On word on your glue: It’s important that it’s not too thick (it won’t create a nice glowing effect when the candle’s lit if it’s too thick) or too thin (it will be hard to work with or won’t hold your design if it’s too thin). We used Mod Podge since it was the right consistency, but other brands would work fine, too. Just make sure it looks like milk: thick enough that you can’t see through it, but thin enough that it pours easily.
|Continue applying your bontanicals until you’ve achieved your desired design. We worked with one variety at a time, gluing on all of the skeleton leaves first and then going back and placing some fern springs around them.

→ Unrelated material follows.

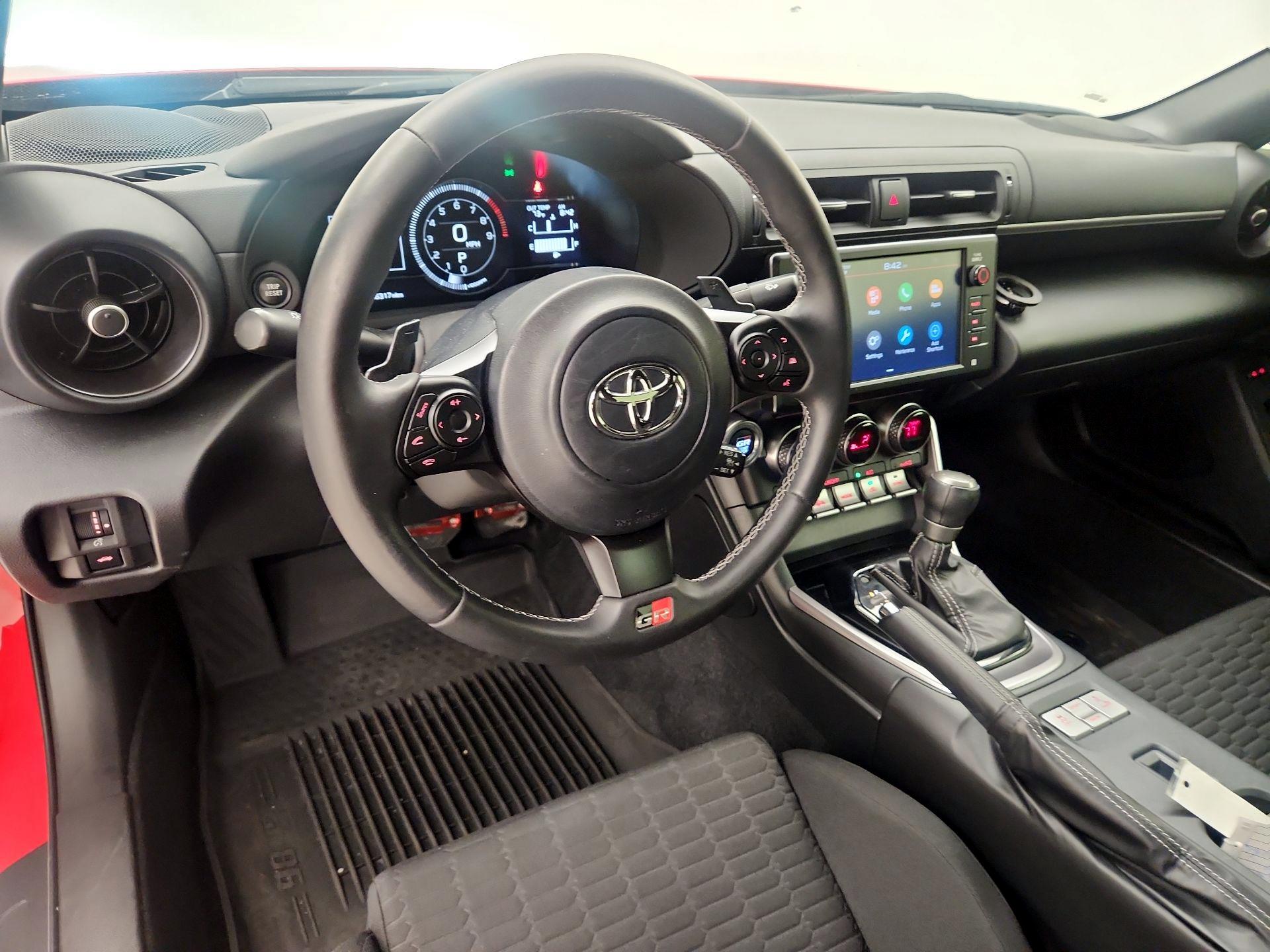 Thumbnail: 2023 Toyota GR86 - 9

Do be sure that you’re leaving some room, though. If you have too many leaves and flowers on the glass, not enough light will filter through when you have a candle lit.

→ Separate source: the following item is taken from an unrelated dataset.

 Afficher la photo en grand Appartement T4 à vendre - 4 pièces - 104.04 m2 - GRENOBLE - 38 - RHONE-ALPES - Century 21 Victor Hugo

|Brush one last thin layer of glue over the entire design once you’ve finished placing your botanicals.|
|Let that glue dry. This should take about 30 minutes, and you’ll know it’s ready because the glue will dry clear.|
|Step 4: Applying the Tissue Paper Layer|
|Once the first layer of glue is dry, you’re ready to apply the layer of tissue paper over the botanicals.
Rip the tissue paper into small pieces, about one inch wide or tall. Ripping is preferred over cutting, since it will provide a more organic look on the finished product.
|Like you did with the first layer, apply a thin layer of glue right on top of your botanicals. Place your piece of tissue paper over the top and then apply another thin layer of glue to keep it in place.|
|Continue this process until you’ve covered the entire outside of the glass container. The pieces should overlap a bit, too, so no glass shows through.|
|You can choose to incorporate a couple colors of tissue paper. We chose a gold color to use as a band at the top and bottom of the glass container. Get creative. You can alternate colors in the overall layer, or go for an ombre effect: use tissue paper in the same color family and vary the design from lightest to darkest, using a single band of each shade around the glass.|
|For a clean look, feel free to use scissors to trim around the edges of your design.|
| Your flower and leaf design should magically appear when a candle is lit inside.
And all that’s left to do now is inserting a tea light and lighting your candle for a wonderful, rustic ambiance—perfect for your dining table or bedroom dresser. Enjoy!